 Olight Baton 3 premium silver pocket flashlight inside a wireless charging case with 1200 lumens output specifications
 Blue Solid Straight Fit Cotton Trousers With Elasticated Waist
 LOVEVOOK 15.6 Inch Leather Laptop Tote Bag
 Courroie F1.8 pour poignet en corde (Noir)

**********

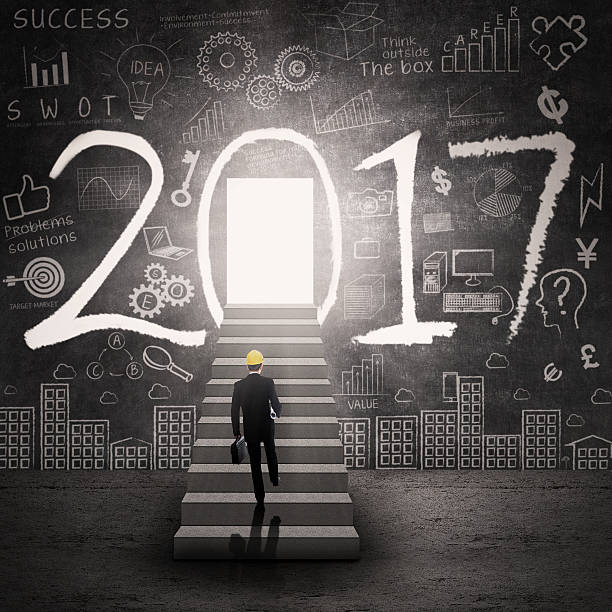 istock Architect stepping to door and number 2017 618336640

**********

▶ **Exercise details**
Going down the listing above, begin printing at the line with "LOVEVOOK 15.6 Inch Leather Laptop Tote Bag" and finish with the line with "Courroie F1.8 pour poignet en corde (Noir)", exactly as they appear.

▶ **Your response**
 LOVEVOOK 15.6 Inch Leather Laptop Tote Bag
 Courroie F1.8 pour poignet en corde (Noir)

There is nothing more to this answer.